Requirement
Here the job is to transcribe the data verbatim while leaving each picture out.

--

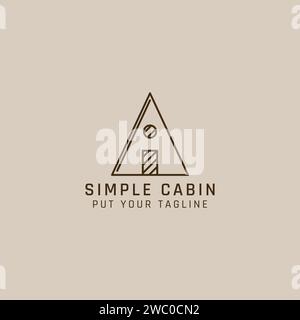 Simple triangular cabin logo with one door and window. Stock Vector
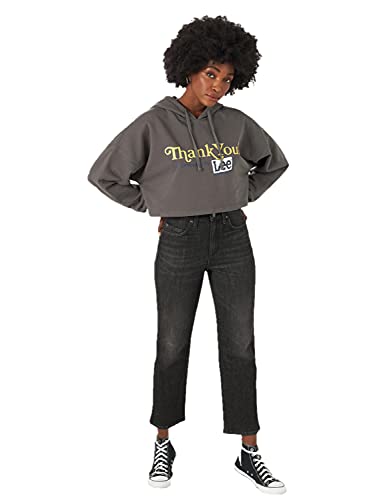 Lee Women's High Rise Straight Ankle Jean, Washed Black, 27 (US 4)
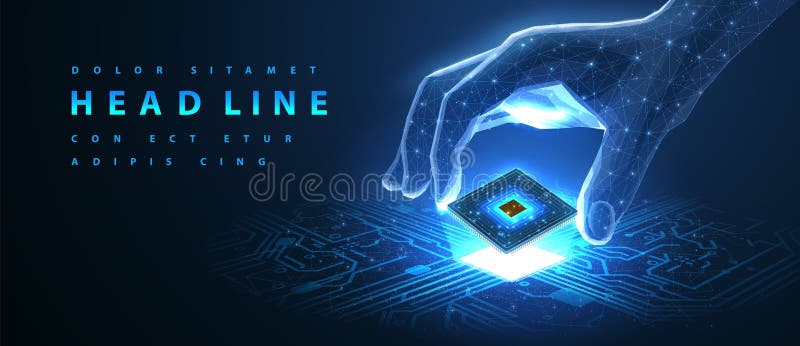 Ai tech. processore in digitale a mano su scheda di circuito. intelligenza artificiale royalty illustrazione gratis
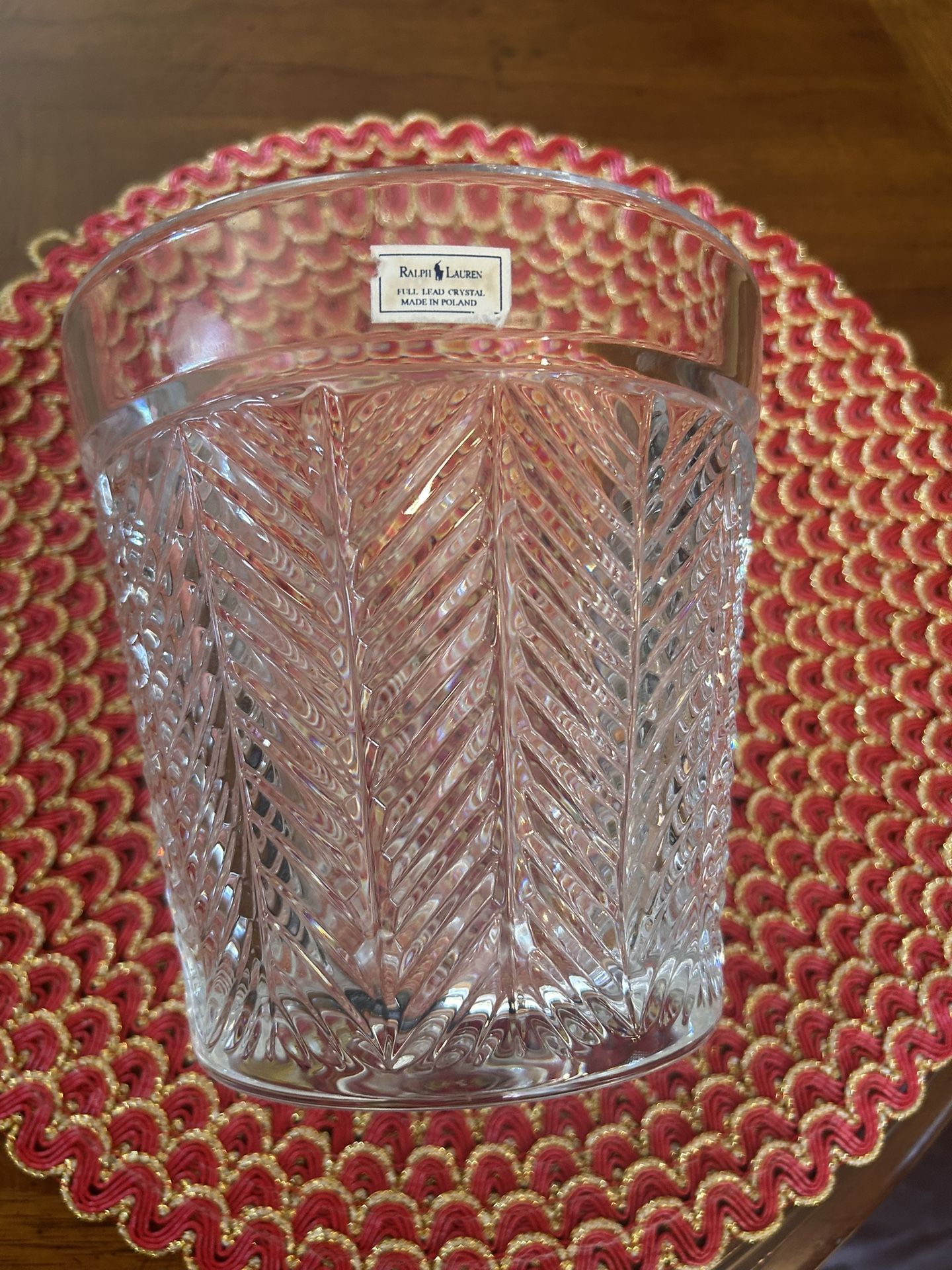 TWO ( 2 ) RALPH LAUREN Crystal Herringbone Wine/Champagne Bucket
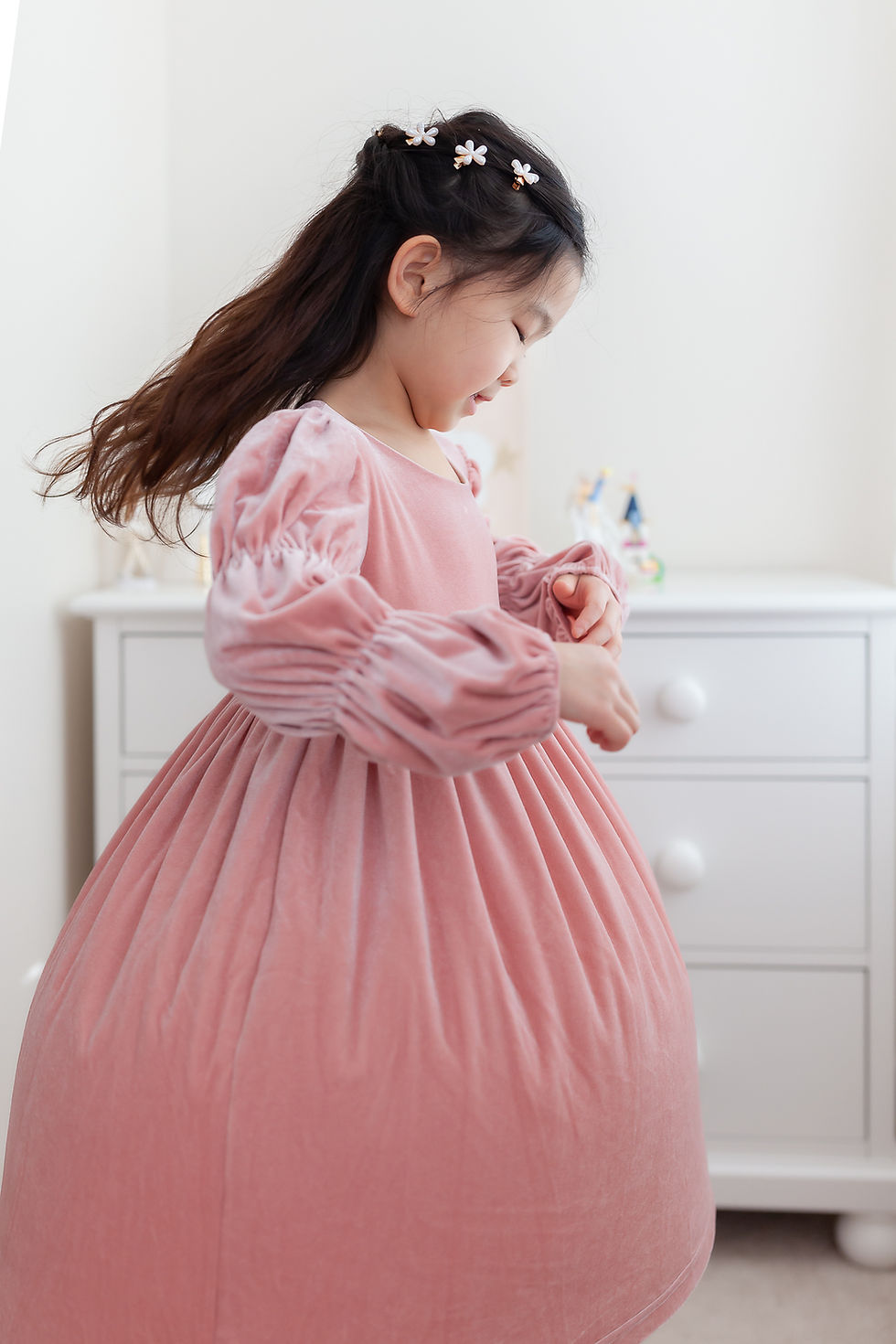 Thumbnail: The Emma Velvet Dress in Dust Pink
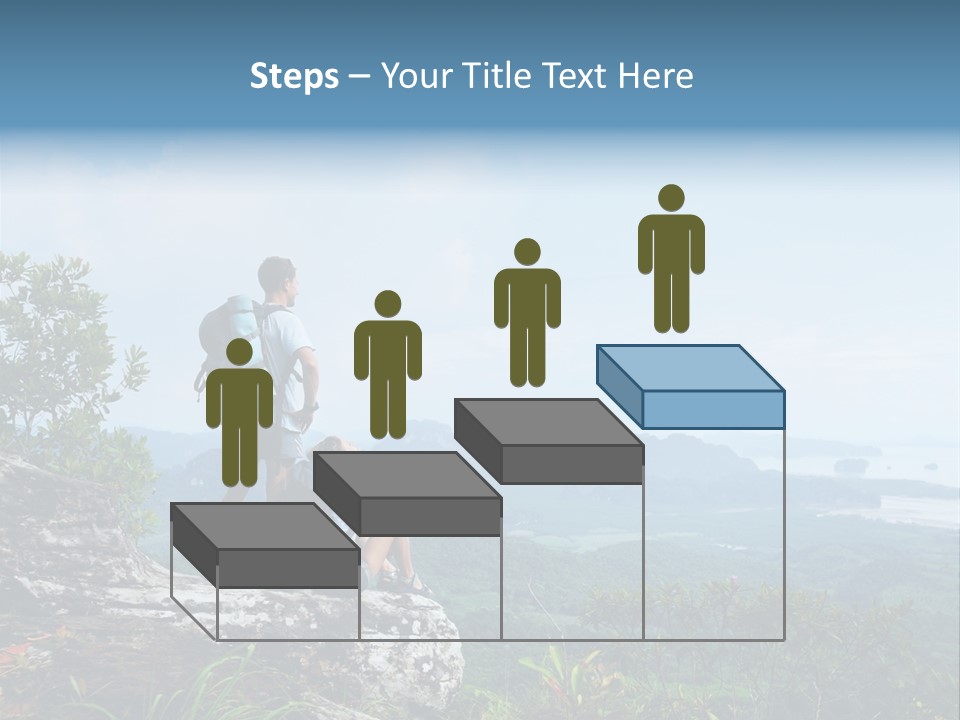 Cliff Woman Sitting PowerPoint Template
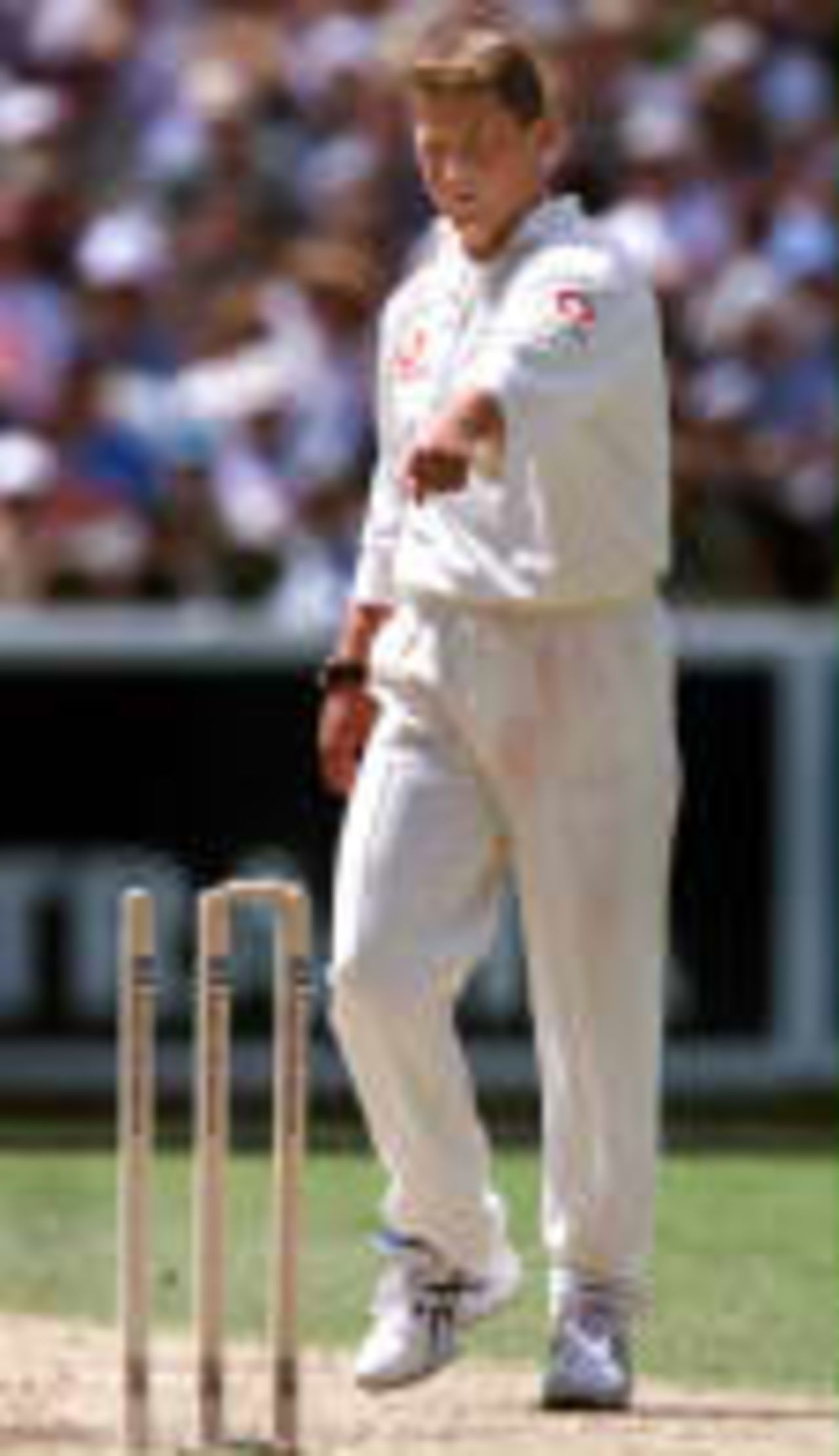 Darren Gough points to the dislodged bail after bowling Nicholson - The Ashes, 1998/99, 4th Test Australia v England Melbourne Cricket Ground 28 December 1998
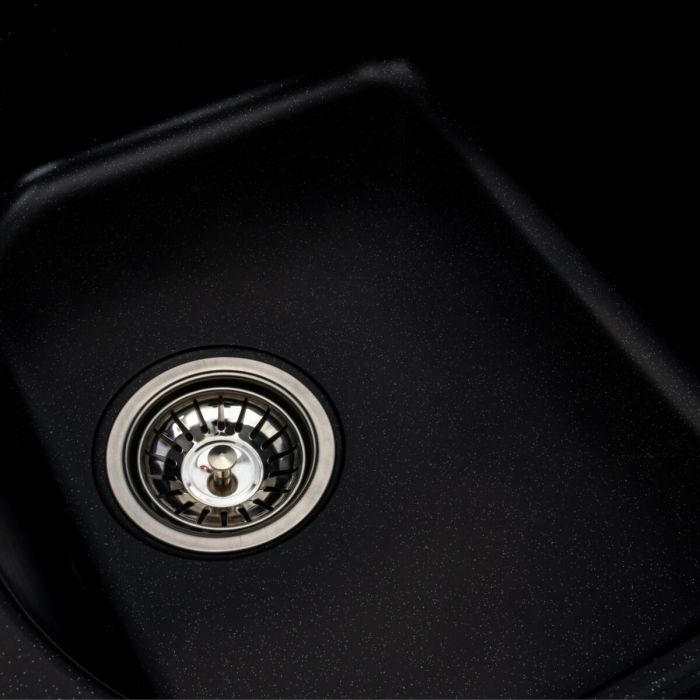 Гранитная мойка для кухни Platinum 7950 Equatoria матовый Черный металлик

--

Response to this exercise
 Simple triangular cabin logo with one door and window. Stock Vector
 Lee Women's High Rise Straight Ankle Jean, Washed Black, 27 (US 4)
 Ai tech. processore in digitale a mano su scheda di circuito. intelligenza artificiale royalty illustrazione gratis
 TWO ( 2 ) RALPH LAUREN Crystal Herringbone Wine/Champagne Bucket
 Thumbnail: The Emma Velvet Dress in Dust Pink
 Cliff Woman Sitting PowerPoint Template
 Darren Gough points to the dislodged bail after bowling Nicholson - The Ashes, 1998/99, 4th Test Australia v England Melbourne Cricket Ground 28 December 1998
 Гранитная мойка для кухни Platinum 7950 Equatoria матовый Черный металлик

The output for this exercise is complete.